К таким учениям, начиная с Декарта, Канта и «царя идеалистического философствования» Фихте, Булгаков относил и философию Шопенгауэра, который, однако, по мысли Булгакова, более решительно, по сравнению с Кантом, подошел к истине в понимании субъекта как «подлежащего всякого сказуемого». Это «подлежащее» само «не входит в рамки опыта, ему трансцендентно и, однако же, имманентно созерцает опыт» (12. Т. 1. С. 347). Но между субъектом и объектом нет причинного взаимодействия, поэтому спор о реальности мира в этом смысле Шопенгауэр считал недоразумением. А потому, из-за отказа от идеи ипостасности, эта мысль тонет в «бессмысленном учении о воле».

Позже Булгакова еще более отталкивало понимание Шопенгауэром воли как центра и ядра мира, безосновной, все подчиняющей силе, которая мчит весь мир и которой подвластен человек. Не случайно мысль о подчиненности человека слепой воле, считает Булгаков, была использована в тоталитарном мифе гитлеровской Германии. В 1942 году С. Булгаков писал: «… и в прошлом Германии наряду с чертами немецкого гения существует … мрачная волевая линия, которую не без успеха… теперь констатирует национал-социализм и у Фихте, и у Шопенгауэра, и у других немецких мыслителей. Гитлеризм не есть видимое иго, как большевизм… но внутреннее духовное» (11. С. 179).

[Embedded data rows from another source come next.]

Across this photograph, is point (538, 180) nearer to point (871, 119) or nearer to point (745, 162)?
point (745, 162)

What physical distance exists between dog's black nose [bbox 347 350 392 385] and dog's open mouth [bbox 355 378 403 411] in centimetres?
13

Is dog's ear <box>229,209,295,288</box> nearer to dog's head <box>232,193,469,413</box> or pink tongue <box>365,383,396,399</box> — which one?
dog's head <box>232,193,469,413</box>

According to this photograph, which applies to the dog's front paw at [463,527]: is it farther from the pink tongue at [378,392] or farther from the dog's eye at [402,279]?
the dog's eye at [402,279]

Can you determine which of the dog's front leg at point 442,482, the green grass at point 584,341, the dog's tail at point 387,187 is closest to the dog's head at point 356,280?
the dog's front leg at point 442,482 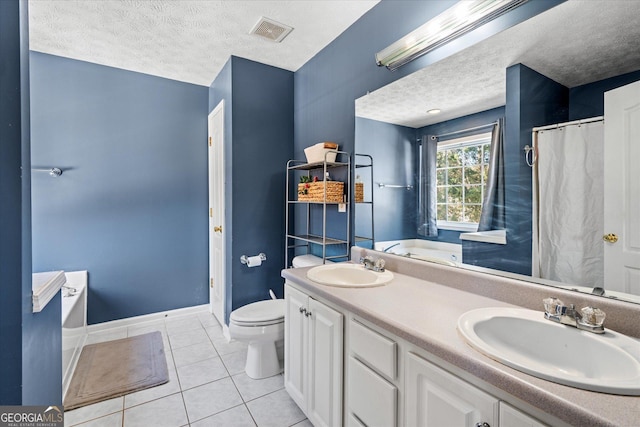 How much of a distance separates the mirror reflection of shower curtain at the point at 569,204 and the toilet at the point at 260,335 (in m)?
1.60

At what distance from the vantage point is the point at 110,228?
2.86 m

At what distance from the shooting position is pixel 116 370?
216cm

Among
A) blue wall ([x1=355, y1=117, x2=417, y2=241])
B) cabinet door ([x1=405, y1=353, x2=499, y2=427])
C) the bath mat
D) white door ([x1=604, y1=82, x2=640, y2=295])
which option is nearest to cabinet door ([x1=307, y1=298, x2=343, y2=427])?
cabinet door ([x1=405, y1=353, x2=499, y2=427])

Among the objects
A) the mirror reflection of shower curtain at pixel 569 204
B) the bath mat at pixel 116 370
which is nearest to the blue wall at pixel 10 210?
the bath mat at pixel 116 370

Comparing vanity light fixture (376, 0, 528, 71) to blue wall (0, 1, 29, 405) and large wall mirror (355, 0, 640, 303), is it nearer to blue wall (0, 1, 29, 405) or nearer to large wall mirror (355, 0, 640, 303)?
large wall mirror (355, 0, 640, 303)

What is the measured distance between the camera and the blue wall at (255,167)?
2.64m

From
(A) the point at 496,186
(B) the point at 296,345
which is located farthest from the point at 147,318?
(A) the point at 496,186

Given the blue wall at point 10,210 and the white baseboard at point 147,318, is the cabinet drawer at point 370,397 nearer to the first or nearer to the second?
the blue wall at point 10,210

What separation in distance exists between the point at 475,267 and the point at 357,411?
2.65 ft

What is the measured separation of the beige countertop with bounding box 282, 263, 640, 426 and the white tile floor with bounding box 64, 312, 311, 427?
83cm

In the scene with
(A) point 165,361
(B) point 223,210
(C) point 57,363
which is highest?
(B) point 223,210

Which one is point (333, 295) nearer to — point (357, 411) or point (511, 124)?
point (357, 411)

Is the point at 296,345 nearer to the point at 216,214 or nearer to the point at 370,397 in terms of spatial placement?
the point at 370,397

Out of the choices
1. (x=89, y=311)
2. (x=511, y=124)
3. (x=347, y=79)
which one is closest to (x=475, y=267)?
(x=511, y=124)
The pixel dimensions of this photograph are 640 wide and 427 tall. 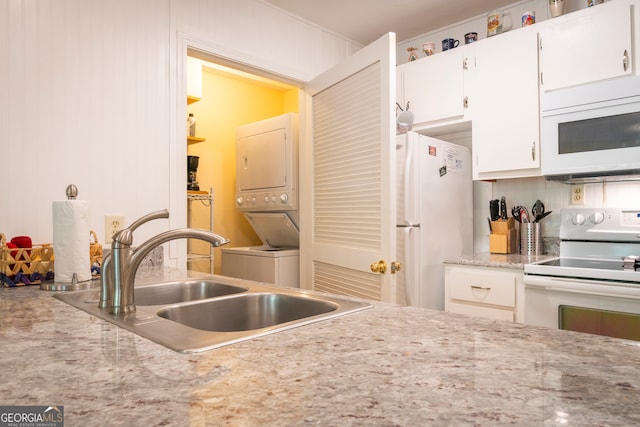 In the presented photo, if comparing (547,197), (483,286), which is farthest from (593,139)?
(483,286)

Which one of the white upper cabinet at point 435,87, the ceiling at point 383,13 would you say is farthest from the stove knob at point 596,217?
the ceiling at point 383,13

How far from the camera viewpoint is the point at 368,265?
2.15 meters

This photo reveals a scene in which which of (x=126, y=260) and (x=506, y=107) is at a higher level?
(x=506, y=107)

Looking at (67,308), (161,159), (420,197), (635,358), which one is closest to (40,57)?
Answer: (161,159)

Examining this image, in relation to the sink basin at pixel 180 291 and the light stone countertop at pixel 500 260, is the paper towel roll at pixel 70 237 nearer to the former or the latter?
Answer: the sink basin at pixel 180 291

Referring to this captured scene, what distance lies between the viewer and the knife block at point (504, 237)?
261 cm

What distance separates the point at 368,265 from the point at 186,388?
1665 millimetres

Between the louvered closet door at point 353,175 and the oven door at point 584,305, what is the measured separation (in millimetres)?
696

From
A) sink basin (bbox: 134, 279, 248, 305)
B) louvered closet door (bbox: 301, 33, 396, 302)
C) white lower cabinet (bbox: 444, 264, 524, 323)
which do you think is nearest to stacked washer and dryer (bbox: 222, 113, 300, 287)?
louvered closet door (bbox: 301, 33, 396, 302)

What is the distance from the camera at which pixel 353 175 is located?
2.29m

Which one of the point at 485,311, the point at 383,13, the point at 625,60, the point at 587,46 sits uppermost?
the point at 383,13

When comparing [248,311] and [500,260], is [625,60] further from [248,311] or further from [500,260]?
[248,311]

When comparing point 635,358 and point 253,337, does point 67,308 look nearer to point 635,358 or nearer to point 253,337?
point 253,337

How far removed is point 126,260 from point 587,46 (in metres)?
2.38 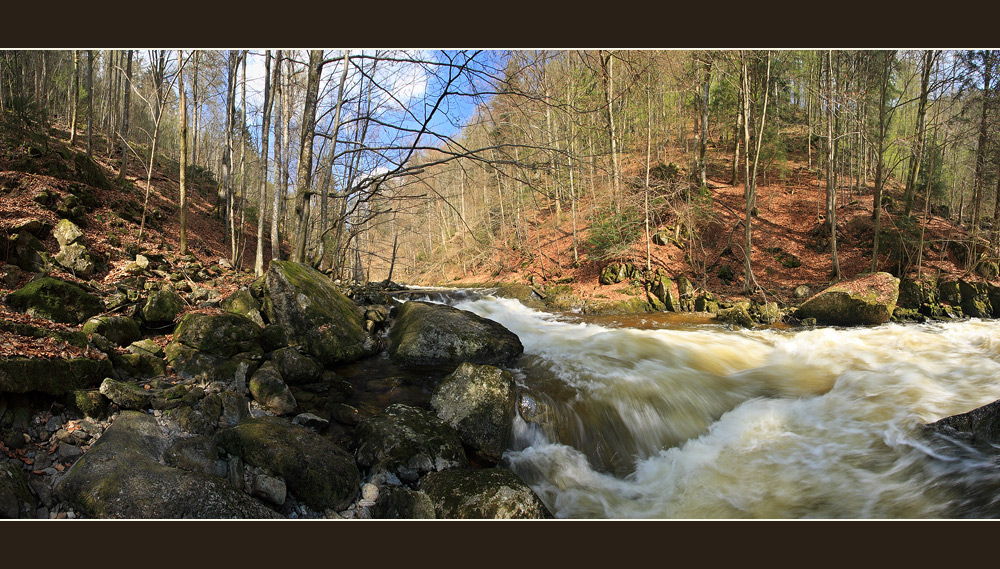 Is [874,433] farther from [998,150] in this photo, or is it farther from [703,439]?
[998,150]

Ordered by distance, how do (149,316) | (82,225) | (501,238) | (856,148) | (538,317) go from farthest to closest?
1. (501,238)
2. (856,148)
3. (538,317)
4. (82,225)
5. (149,316)

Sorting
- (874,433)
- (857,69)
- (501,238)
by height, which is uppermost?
(857,69)

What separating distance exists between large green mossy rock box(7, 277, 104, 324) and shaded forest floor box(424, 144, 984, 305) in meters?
12.8

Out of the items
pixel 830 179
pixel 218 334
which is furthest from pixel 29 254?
pixel 830 179

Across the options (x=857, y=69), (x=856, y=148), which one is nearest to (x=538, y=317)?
(x=857, y=69)

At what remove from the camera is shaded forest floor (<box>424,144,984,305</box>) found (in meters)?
12.6

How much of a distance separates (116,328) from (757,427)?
8453mm

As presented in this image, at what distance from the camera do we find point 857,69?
56.1ft

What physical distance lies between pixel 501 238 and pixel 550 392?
757 inches

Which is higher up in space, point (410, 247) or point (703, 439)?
point (410, 247)

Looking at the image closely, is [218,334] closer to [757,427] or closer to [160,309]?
[160,309]

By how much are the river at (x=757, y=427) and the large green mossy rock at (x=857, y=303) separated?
4.67 feet

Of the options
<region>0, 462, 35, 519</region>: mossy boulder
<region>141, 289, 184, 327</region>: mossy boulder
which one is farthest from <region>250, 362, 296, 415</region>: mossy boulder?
<region>0, 462, 35, 519</region>: mossy boulder

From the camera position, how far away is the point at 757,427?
5340mm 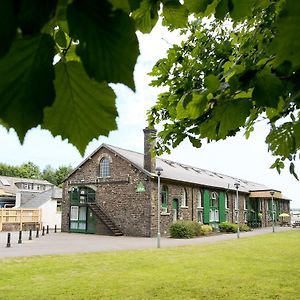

Эта суровая констатация парадоксальным образом смыкается с оценкой Д. Лукача, считавшего Шопенгауэра идеологом крайней реакции и разрушителем разума, а также с постановлением ЦК КПСС 1944 года — о третьем томе «Истории философии», в котором отсутствует, как указывалось там, разоблачение реакционного содержания немецкой классики.

Корифеи немецкой классики — не только Шопенгауэр, но также Фихте, Гегель, Ницше и другие — использовались, — это верно, — для нужд фашистской идеологии, искажавшей и препарировавшей их идеи. Можно ли ставить это в вину немецким мыслителям, стимулировали ли они кризисное сознание или всего лишь в лице Шопенгауэра и Ницше были его провозвестниками, провидевшими дух грядущей эпохи, несущей в себе кризис? И должны ли они, заложники фашистской идеологии, быть за это в ответе?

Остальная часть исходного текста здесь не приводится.